Он поднял глаза, и они встретились взглядами. Молча смотря друг на друга, еле сдерживали себя от проникающих в каждую клетку чувств. Это было невыносимо и чтобы не мучить никого, она развернулась и, не оглядываясь, пошла к выходу. «Забудь. Какое простое слово, но насколько сложное действие. А зачем вообще забывать, это были прекрасные моменты! Нет, Лиона, не дождешься, я тебя не забуду!» – уверенной поступью прошла эта мысль, и пустота исчезла.

– А вот и наш венгр! – Лотар услышал оклик и понял, что это по его душу. Все в их команде шутливо называли друг друга по табличкам с названиями стран, которые сопровождали на Олимпиаде.

– Швед, куда без тебя денешься!

– Пойдем праздновать, я научу Венгрию любить пиво!

Шумной веселой компанией они вышли на улицу и устремились в пивной ресторан. В этот вечер Лотар напился.

Глава 5. Вопросы и ответы

Руво пошевелился, и, представив, как он потянулся после сна, Логдэ улыбнулся.

– Я вижу, ты не спишь, – и Лотара снова передернуло, но уже не вызывая того страха, когда он первый раз услышал этот голос.

– Ладно, ты меня видишь в этой тьме. Это я могу понять. Но откуда ты знаешь немецкий? – спросил он и, шутя, продолжил, – У вас под землей репетиторы иностранных языков?

– Честно сказать, я думал, тебя будут волновать вопросы посерьезнее. Но если тебе так интересно, то я, конечно, расскажу, – и Руво повторил последнюю фразу на английском, русском, французском и испанском. – Мы понимаем, о чем воет волк, мы понимаем, о чем кричит ворон, мы даже понимаем, о чем молчит рыба. И ты удивляешься, откуда мы знаем ваш язык. В Европе, у вас только один язык. Все остальное – разновидности. Вы до сих пор не в состоянии понять собаку, а она с вами тысячи лет ходит вместе. Мы просто умнее вас, и с этим тебе надо будет согласиться.

– Но если вы настолько умнее нас, почему вы не летаете в космос, почему не создаете энергию?

– Нам этого не надо. Мы берем только то, что непосредственно требуется для существования.

– А вот нам, людям, надо. Мы стремимся к открытиям… – Лотар не договорил, так как Руво резко перебил его.

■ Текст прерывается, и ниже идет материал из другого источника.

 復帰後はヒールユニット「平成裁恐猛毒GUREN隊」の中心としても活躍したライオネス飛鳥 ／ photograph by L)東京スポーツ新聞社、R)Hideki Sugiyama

– Полет в космос, это не открытие, это вторжение на чужую территорию, куда вас не звали. Вы по своей, я скажу мягко, наивности, идете, куда вам показывают, а не куда вам надо. Вся проблема человечества в дисбалансе наличия серых клеток среди людей. Более изощренный ум начинает вести за собой менее здравомыслящих людей, составляющих подавляющее большинство. И когда это стадо с радостью уходит на бойню, это и есть победа развитого ума, а оружием является сказка, которую вы называете «пропаганда». Смотри, Лотар, самой умной игрой вы считаете шахматы. Объясни мне, в чем прелесть этой игры? Вся партия построена на уничтожении фигур соперника, и цель одна, это убить короля. Самое комическое здесь, когда происходит ничья. Один король стоит против другого, как и в начале игры, но уже без подданных, то есть произошла бессмысленная бойня. И ты считаешь, это разумно. Разумно, когда соперники согласятся на ничью, не сделав ни одного хода. А эталоном были бы шахматы, начинавшиеся с двух королей на поле и заканчивавшиеся, как я сказал тебе раньше, всеми фигурами на своих местах и соглашением на мировую.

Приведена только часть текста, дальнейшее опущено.